Mais on interrogera d’abord la dichotomie social/naturel dans lesquels a lieu souvent le débat sur les familles. Fait naturel et institution sociale doivent-ils être opposés ? La famille n’est-elle pas une société naturelle, une institution sociale répondant à une nécessité naturelle ?

Enfin, on interrogera aussi la seconde branche de l’alternative : suffit-il d’établir le caractère culturel, social, institutionnel de la famille pour légitimer l’interventionnisme politique ? Si non, à quelle condition celui-ci est-il légitime ?

Nous verrons en conclusion que le point décisif est sans doute le dernier : oui, la famille est une institution essentiellement sociale. Non, le caractère social de la famille ne permet pas de légitimer toutes les politiques de la famille : précisément parce que la famille est une institution sociale, le politique ne peut faire ce qu’il veut des familles. La question, alors, sera de délimiter le champ d’une politique des familles.

I) Famille et société

• A première vue, le caractère social des familles ne pose pas de problème.
Trois propositions qu’on illustrera pour donner des références :

Proposition 1 : la société est composée de famille.
Proposition 2 : La famille est une petite société.
Proposition 3 : les familles ont une définition sociale (le droit des familles, des biens familiaux) et une fonction sociale (éduquer l’enfant, l’introduire dans la société)

"il est tout d’abord nécessaire que s’unissent les êtres qui ne peuvent exister l’un sans l’autre, à savoir : la femme et l’homme en vue de la procréation (et il ne s’agit pas d’un choix réfléchi, mais, comme pour les autres animaux et les plantes, d’une inclination naturelle à se reproduire dans des semblables)"

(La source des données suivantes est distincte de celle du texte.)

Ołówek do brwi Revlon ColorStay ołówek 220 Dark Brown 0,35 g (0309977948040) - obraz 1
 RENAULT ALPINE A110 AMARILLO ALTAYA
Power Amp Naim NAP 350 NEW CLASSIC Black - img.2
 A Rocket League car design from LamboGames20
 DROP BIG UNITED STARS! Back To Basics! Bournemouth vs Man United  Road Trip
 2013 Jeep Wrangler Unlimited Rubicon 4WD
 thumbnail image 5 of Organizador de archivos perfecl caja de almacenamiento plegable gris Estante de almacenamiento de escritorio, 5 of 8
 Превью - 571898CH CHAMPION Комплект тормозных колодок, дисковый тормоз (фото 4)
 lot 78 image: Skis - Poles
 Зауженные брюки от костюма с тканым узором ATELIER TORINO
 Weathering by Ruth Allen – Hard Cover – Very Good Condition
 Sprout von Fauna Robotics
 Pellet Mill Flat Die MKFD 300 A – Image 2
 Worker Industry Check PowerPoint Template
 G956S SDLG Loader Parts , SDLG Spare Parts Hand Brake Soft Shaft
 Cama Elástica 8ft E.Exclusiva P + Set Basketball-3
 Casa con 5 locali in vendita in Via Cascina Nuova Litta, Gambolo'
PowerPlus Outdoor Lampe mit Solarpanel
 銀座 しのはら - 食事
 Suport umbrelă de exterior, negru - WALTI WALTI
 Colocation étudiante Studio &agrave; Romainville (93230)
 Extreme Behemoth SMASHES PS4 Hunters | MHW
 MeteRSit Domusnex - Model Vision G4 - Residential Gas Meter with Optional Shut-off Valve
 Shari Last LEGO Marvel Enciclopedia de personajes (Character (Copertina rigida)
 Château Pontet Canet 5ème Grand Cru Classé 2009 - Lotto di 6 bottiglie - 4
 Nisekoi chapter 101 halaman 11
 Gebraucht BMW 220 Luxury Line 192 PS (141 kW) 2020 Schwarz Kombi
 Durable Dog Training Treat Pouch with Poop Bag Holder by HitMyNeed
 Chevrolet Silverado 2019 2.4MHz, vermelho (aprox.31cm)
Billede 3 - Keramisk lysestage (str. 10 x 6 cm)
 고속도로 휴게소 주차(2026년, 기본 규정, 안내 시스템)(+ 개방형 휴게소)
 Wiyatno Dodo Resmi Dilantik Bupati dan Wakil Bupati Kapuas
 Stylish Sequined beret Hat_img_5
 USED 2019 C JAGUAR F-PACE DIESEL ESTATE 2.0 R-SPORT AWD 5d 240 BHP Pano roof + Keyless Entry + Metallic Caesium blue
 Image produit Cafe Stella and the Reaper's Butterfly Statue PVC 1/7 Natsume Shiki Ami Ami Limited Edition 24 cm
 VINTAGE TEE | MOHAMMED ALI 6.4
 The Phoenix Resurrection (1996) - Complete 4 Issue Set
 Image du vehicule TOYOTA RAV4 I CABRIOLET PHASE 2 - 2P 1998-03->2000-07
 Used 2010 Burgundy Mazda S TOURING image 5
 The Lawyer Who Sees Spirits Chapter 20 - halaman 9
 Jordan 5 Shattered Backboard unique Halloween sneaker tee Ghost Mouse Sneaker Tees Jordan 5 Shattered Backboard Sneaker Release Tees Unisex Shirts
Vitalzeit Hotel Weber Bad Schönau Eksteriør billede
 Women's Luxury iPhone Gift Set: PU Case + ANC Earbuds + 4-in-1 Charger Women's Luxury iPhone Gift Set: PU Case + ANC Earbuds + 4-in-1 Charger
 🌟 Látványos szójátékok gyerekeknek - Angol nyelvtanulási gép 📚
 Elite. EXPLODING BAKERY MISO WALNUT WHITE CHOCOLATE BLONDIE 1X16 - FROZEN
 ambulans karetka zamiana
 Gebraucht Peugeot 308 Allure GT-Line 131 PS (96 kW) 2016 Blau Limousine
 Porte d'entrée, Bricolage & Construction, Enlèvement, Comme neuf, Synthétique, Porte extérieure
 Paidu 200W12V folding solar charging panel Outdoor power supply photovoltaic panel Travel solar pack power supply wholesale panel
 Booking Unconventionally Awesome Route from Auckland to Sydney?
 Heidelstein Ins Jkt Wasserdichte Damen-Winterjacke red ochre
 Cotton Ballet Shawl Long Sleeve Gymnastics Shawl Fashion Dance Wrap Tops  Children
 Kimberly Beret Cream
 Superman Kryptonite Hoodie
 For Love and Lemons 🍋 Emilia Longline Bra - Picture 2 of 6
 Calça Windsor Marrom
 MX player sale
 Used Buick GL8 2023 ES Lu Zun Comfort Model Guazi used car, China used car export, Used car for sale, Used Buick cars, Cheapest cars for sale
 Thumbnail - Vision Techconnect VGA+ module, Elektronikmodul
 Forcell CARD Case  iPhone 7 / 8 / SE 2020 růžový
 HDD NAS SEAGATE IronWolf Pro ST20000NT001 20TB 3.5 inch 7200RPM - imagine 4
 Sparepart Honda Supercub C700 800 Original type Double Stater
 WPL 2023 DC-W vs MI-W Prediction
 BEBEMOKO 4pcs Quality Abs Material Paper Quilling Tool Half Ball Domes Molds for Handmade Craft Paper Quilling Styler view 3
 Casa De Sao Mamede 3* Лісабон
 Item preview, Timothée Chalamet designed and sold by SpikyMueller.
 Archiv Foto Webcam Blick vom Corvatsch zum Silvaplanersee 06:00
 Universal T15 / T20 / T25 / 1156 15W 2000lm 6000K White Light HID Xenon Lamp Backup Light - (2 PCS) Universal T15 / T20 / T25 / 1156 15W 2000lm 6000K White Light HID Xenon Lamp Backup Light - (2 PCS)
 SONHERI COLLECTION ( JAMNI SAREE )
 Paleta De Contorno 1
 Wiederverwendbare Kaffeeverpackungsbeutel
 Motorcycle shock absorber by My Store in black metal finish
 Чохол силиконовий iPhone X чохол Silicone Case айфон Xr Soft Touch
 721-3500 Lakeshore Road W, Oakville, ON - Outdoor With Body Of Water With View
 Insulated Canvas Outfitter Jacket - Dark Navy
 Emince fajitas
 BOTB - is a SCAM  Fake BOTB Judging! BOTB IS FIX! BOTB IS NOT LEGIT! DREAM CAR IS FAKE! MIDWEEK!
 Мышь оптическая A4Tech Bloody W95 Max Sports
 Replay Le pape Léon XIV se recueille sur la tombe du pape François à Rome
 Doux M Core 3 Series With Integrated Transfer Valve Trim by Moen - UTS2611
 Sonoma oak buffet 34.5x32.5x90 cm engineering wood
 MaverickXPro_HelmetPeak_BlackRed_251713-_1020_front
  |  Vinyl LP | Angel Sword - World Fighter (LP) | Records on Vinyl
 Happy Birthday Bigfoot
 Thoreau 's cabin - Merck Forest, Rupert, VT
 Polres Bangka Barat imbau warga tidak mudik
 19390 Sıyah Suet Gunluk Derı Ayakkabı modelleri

Il y a une constitution progressive et naturelle (Aristote y insiste) de la Cité à partir de ces unités premières que sont les familles.

"Ainsi [...] la communauté naturelle constituée en vue de faire face au quotidien est la famille ; et la communauté première formée en vue d’affronter de plus longues échéances, le village. Réalité tout à fait naturelle, le village est une colonie de familles [...]. La communauté achevée formée de plusieurs villages est une cité dès lors qu’elle atteint l’autarcie [...] qui permet de mener une vie heureuse."

Deux points à noter :

-  pour Aristote, l’homme est naturellement un être social, « politique ». Ainsi les différentes formes d’associations (famille, village, Cité) sont naturelles et interdépendantes. Conception holistique de la Cité comme unité quasi organique dont les membres sont les familles (plus que les individus isolés : un individu s’inscrit toujours dans une famille, une lignée, un genos).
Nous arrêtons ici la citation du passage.